In a further aspect, the upper 514 includes a skirt 508 positioned at a lower perimeter edge of the upper 514. The skirt 508 may be a continuous portion of the outer material layer 513 that includes the extended length of the skirt 508. Alternatively, the skirt 508 may be a strip of discrete material, such as a low stretch, non-woven material, affixed around a lower perimeter edge of the outer material layer 513. In a further aspect, while the upper 514 is lasted with the collar elevator 550 or 550A-F in position between the layers 513 and 515 and the base 558 and sole insert 519 in position, the skirt 508 is pulled down and coupled to a bottom surface 521 of the sole insert 519. As such, in some aspects, the sole insert 519 may also be referred to as a lasting board. Among other things, this attachment of the skirt 508 to the bottom surface 521 of the sole insert 519 helps form the shape of the upper 514 around the last, and in the heel portion of the skirt 508, attachment to the bottom surface 521 may help to load the collar elevator in a pre-tensed state. Once the skirt 508 is bonded to the bottom surface 521 of the sole insert 519, the sole 512 can be coupled to the skirt 508 and the sole insert 519, and this might be done while the upper is still on the last.

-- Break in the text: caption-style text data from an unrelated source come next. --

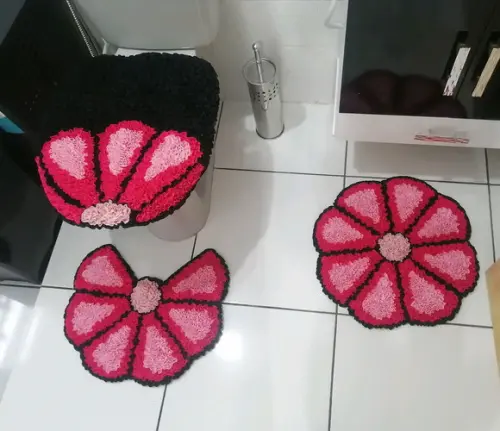 Tapetes Frufru Banheiro Flor Rosa Antiderrapante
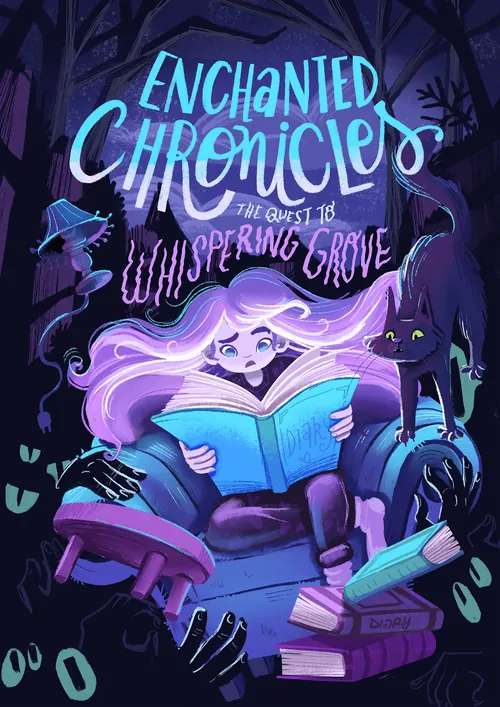 Girl reading a glowing book with forest creatures and dark hands, by Carol Rempto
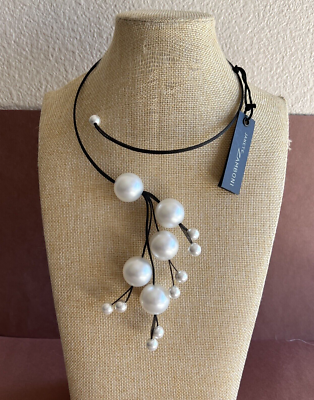 Janete Zamboni Haute Couture Large Imitation Pearl Mesh Necklace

FIGS. 5A and 5B depict one aspect in which one or more structures, such as the skirt 508 and the sole insert 519, are positioned between the base 558 and the sole 512. In an alternative aspect, the base might be positioned differently than the depiction in FIG. 5A. For example, the base might be positioned below a strobel, and reference is now made to FIG. 6A to describe other aspects of this disclosure. FIG. 6A depicts an illustration of a footwear article 610 that is partially deconstructed. That is, an upper 614 is connected to a strobel 608, which is decoupled from a collar elevator 650 and a base 658 (ghosted in broken lines to enhance visibility of the lever arms), which is decoupled from a sole 612. The footwear article 610 is different from the footwear article 510 in that the base 658 is positioned below the strobel 608 when the footwear article 610 is constructed. That is, the base 658 is positioned between the strobel 608 and the sole 612 when the footwear article 610 is constructed. For example, referring briefly to FIG. 6B, a cross-sectional view is presented showing relative positions of a strobel 608 and a base 658, once the footwear article 610 is in a coupled state.

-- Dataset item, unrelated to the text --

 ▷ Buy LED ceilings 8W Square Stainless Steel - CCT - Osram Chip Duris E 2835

The upper 614 further includes a biteline 623 representing an approximate position of a topline edge 609 of the sole 612, when the sole 612 is connected to the upper 614. In addition, the upper 614 includes the strobel 608, which is coupled to one or more of the material layers of the upper 614, and reference numeral 625 identifies a line along which a strobel stitch or other coupling might be positioned. The strobel 608 is depicted as a continuous panel that entirely closes the bottom portion of the upper 614. In other aspects, the strobel 608 may not be a continuous piece and/or may not close the entire bottom portion, such as a split strobel or a half strobel.

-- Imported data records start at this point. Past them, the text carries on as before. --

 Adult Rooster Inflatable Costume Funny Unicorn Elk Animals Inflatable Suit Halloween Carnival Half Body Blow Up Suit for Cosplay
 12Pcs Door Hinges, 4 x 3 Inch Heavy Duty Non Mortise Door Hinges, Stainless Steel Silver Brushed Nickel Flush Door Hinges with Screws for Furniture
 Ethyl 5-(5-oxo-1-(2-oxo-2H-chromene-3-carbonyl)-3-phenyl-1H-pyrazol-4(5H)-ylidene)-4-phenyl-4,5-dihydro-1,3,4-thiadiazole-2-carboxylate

Furthermore, the upper 614 includes an aperture 627 extending entirely though a first material layer 613 of the upper 614 (i.e., entirely from a first surface facing away from the foot-receiving cavity to a second surface facing towards the foot-receiving cavity), and the aperture 627 provides an opening to a lever-arm region 651 positioned between the first material layer 613 and a more interior second material layer 615. Stated differently, the first material layer 613 might have a thickness with an outward facing surface that faces away from a foot-receiving cavity and/or towards a sole and with an inward facing surface that faces towards the foot-receiving aperture - the thickness being between the outward facing surface and the inward facing surface. In that instance, the aperture 627 extends through material layer from the outward facing surface to the inward facing surface. An aperture might include various structures. For instance, an aperture might include a slit formed along an edge of the first material layer or a hole formed though the first material layer (e.g., die- cut, punched, punctured, etc.). In other instances, an aperture might include an integrally- formed hole that is constructed by yam or fiber manipulation in the formation of the first material layer (e.g., knit in, woven in, braided in, etc.). An aperture might have various sizes, measure along at least a portion of a perimeter edge of the aperture (e.g., length, width, circumference, area, etc.,) and in some instances, the size includes a relationship to a collar elevator. For example, an aperture might include a dimension that is at least as big as a portion of a lever arm, in order to permit the lever arm to be positioned in the aperture.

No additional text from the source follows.